CFP: Annual Comparative Law Work-in-Progress Workshop

[We have the following announcement.]

Annual Comparative Law Work-in-Progress Workshop, 23-24 February 2018, Princeton University

Co-Organized and Co-Hosted by Kim Lane Scheppele (Princeton University), Jacqueline Ross (University of Illinois College of Law), and Jacques DeLisle (University of Pennsylvania Law School).  Co-sponsored by Princeton University, the University of Illinois College of Law, the University of Pennsylvania Law School, and the American Society of Comparative Law

We invite all interested comparative law scholars to consider submitting a paper to the next annual Comparative Law Work-in-Progress Workshop, which will be held February 23-24, 2018 at Princeton University.   Interested authors should submit papers to Kim Lane Scheppele at kimlane@princeton.edu.  We have extended the deadline and ask for papers to submitted by January 8, 2018.  We will inform authors of our decision by January 20.   Participants whose papers have been accepted should plan to arrive in Princeton by Thursday night on February 22 and to leave on Saturday afternoon or Sunday morning.  

 The annual workshop continues to be an important forum in which comparative law work in progress can be explored among colleagues in a serious and thorough manner that will be truly helpful to the respective authors.   "Work in progress" means scholarship that has reached a stage at which it is substantial enough to merit serious discussion and critique but that has not yet appeared in print (and can still be revised after the workshop, if it has already been accepted for publication.)   It includes law review articles, book chapters or outlines, substantial book reviews, and other appropriate genres.

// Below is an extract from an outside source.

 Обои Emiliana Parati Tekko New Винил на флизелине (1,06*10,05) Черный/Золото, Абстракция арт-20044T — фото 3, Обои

We ask for only one contribution per author and also ask authors to limit their papers to 50 pages in length, or, if the paper (or book chapter) is longer, to indicate which 50 pages they would like to have read and discussed.

Our objective is not only to provide an opportunity for the discussion of scholarly work but also to create the opportunity for comparative lawyers to get together for two days devoted to nothing but talking shop, both in the sessions and outside. We hope that this will create synergy that fosters more dialogue, cooperation, and an increased sense of coherence for the discipline.

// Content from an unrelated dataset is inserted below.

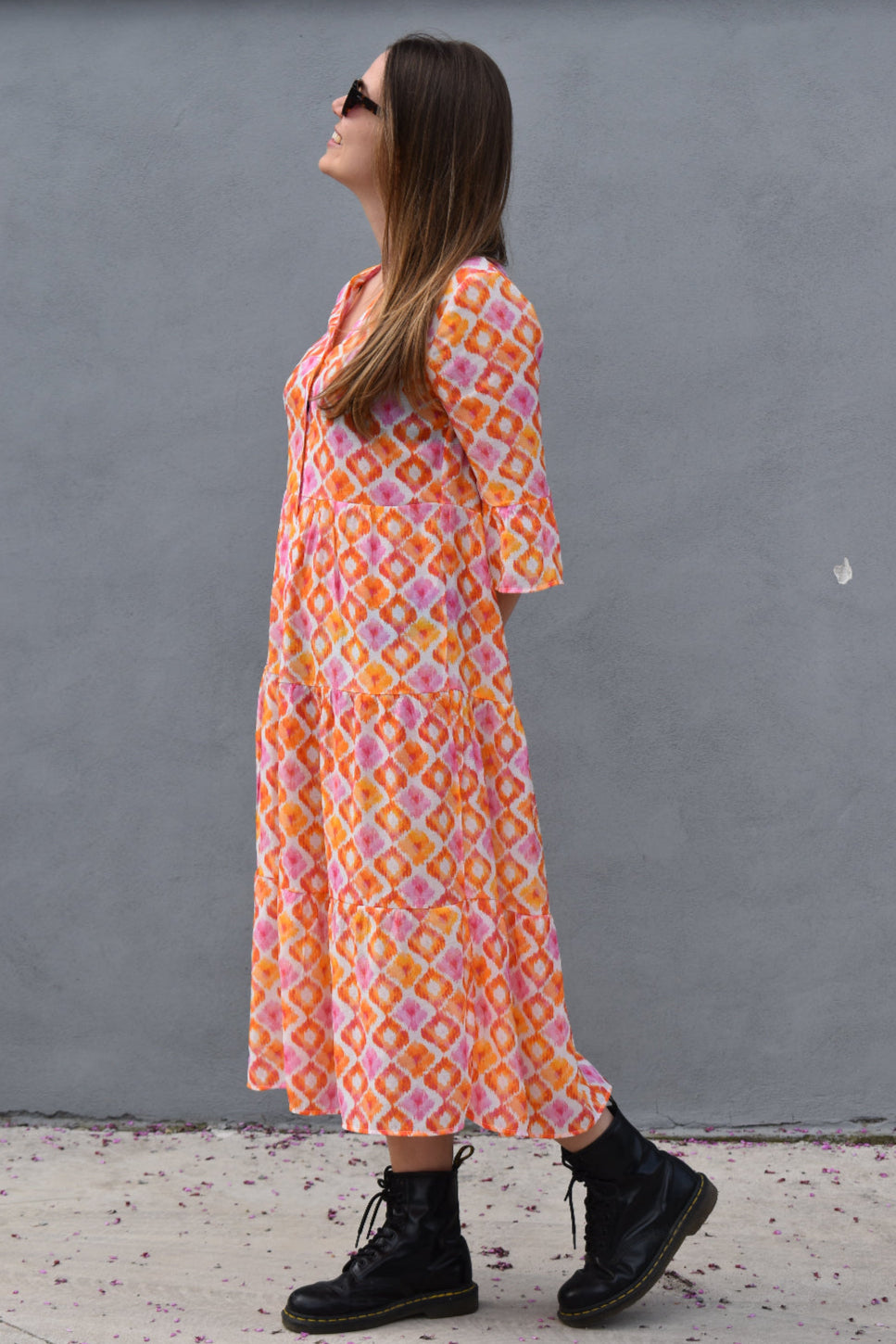 Maxi abito fantasia multicolor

The participants in the workshop will consist of the respective authors, commentators, and faculty members of the host institutions.  The overall group will be kept small enough to sit around a large table and to allow serious discussion.  The papers will not be presented at the workshop. They will be distributed well in advance and every participant must have read them before attending the meeting.  Each paper will be introduced and discussed first by two commentators before opening the discussion to the other workshop participants.  Each of the authors selected for the workshop is expected to have read and to be prepared to discuss each of the papers selected.  The author of each paper will be given an opportunity to respond and ask questions of his or her own.  There are no plans to publish the papers. Instead, it is up to the authors to seek publication if, and wherever, they wish.  The goal of the workshop is to improve the work before publication.

 The Workshop will be funded by the host school and by the American Society of Comparative Law. Authors of papers and commentators will be reimbursed for their travel expenses and accommodation up to $600, by either by the American Society of Comparative Law or Princeton University, in accordance with the ASCL reimbursement policy (as posted on its webpage.)  We ask that authors inquire into funding opportunities at their home institutions before applying for reimbursement by the ASCL or by the Princeton University.

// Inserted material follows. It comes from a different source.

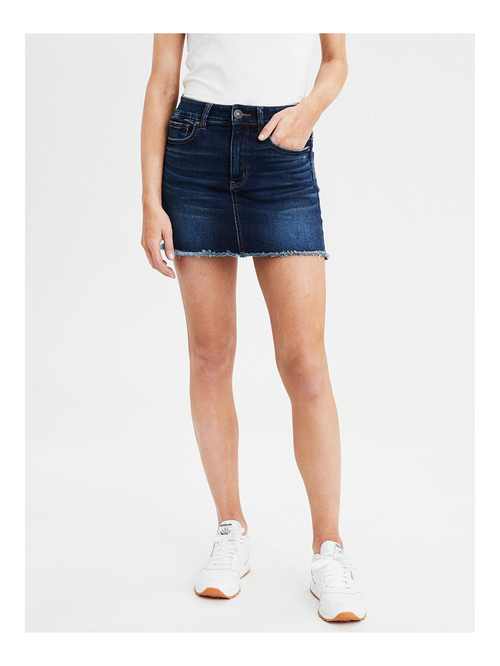 American Eagle Outfitters Blue Mini Skirt Price in India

In this cycle of our annual workshop, we are excited to welcome our newest co-organizer, Professor Jacques DeLisle, Stephen A. Cozen Professor of Law and Professor of Political Science and Director of the Center for East Asian Studies at the University of Pennsylvania Law School and we bid a fond farewell to Professor Maximo Langer of the UCLA School of Law, with whom we have greatly enjoyed co-hosting many meetings of this annual workshop series.